A police officer has been found guilty of the manslaughter of ex-Aston Villa striker Dalian Atkinson in what is believed to be the first time in recent history that officer has faced such a conviction.

Atkinson, a 48-year-old black man, died on August 15 2016 following the use of force by police officers which included being tasered for 33 seconds, more than six times the standard deployment, hit with a baton and then kicked on his head when he was on the ground.

The officer PC Benjamin Monk was called to the scene to attend a disturbance where Atkinson was suffering an acute mental health crisis.
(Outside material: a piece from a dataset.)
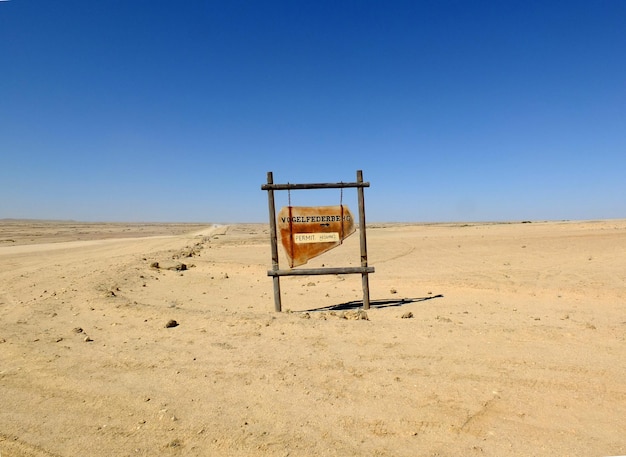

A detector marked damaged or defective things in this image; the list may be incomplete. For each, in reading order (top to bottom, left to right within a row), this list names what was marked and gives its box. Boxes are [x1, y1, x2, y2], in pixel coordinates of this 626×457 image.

rusty metal sign [276, 204, 354, 268]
Atkinson’s family said that they were ‘sickened’ by the officer’s actions and that he had meted out violence to a man who clearly needed help.

Monk conceded that he kicked Atkinson twice on his head; however he maintained that his actions were lawful self-defence. The jury heard that Atkinson was hit with such force that his blood was found in the laces of Monk’s police-issued boots.

No police officer has been found guilty of murder or manslaughter following a death in police custody in England and Wales since the 1980s. The Guardian reported that the last successful prosecution of an on-duty police officer for manslaughter was in 1986 following the death of Henry Foley.

The family’s lawyer, Kate Maynard of Hickman and Rose solicitors, called it ‘the first manslaughter conviction in the modern era of a police officer using excessive force in the course of duty’. ‘This is a landmark conviction. I hope it is a watershed moment for accountability of police officers in this country,’ she said.

Deborah Coles, director of INQUEST, called the prosecution of police officers ‘a rarity in the UK’. ‘Today’s guilty verdict reflects the evidence of excessive police violence. It is historic and sends a strong message that police are not above the law.’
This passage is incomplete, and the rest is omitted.